The end of childhood

As i lay down with oldest baby last night, as we talk about her day, her friends, boys in class( that thankfully still have cooties) , her awesome new teacher, and as we are saying our goodnight prayers, i realize tonight is the last night of single digits for my baby. She keeps reminding me she is almost 10. She isn’t a baby any more. What she hasn’t realized yet is she will always be my baby. She could be in the triple digits and still be my baby. But as I lay here I see how much she has grown, I see the young lady she is turning into. She came home today with a letter about a beta club, a club that only her hard work will get her into, not anything I can do to help her. We talked about if she wanted in beta club she would have to put in the work, she would have to study and get the grades. I’d be there to help where I could as she needed it, but ultimately that it was all up to her. I see each new day she is less of a child I helping with day to day activities and more of a young lady that has to do more on her own with me cheering her on.

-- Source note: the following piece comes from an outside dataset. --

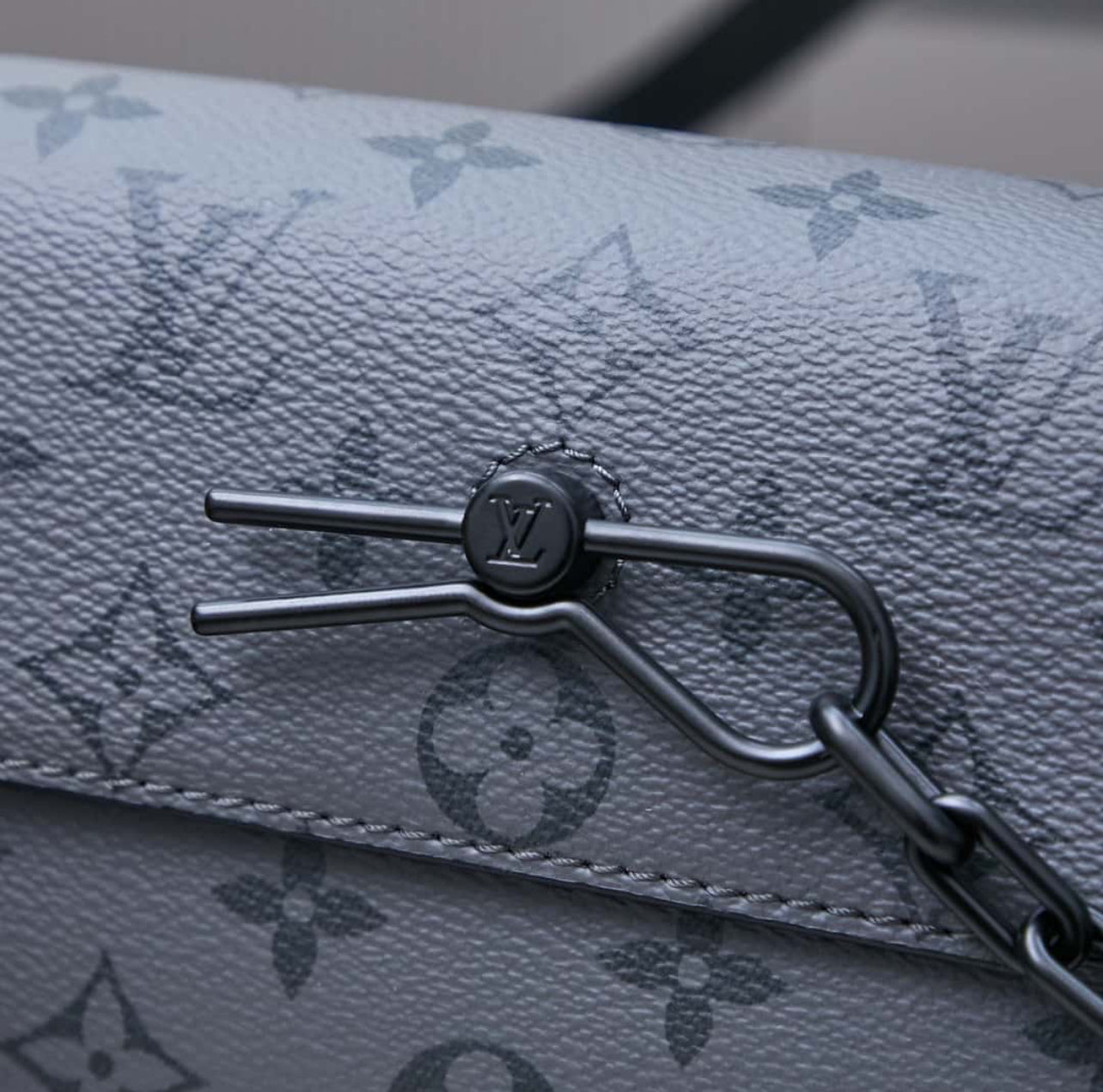 Louis Vuitton LV Aerogram Pilot Slingbag – Grey & Blue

So, I lay here hoping that I am raising her right. Raising her to be strong and determined. To be courageous and stand up for what she believes in. Raising her to know her worth, her worth when it comes it herself, her friends, and those that she will date. Raising her to adult right through the craziness, knowing I have her back.

And I know full well as she grows that she will make mistakes, but I hope as she grows she knows there is nothing, no mistake, nothing she could do or say that would make me love her less. Nothing she could do that she couldn’t come running into my arms and say, “Momma I messed up” and me reply ” It’s ok lets work it out” .

So yes I see her growing up but I also know she is my baby.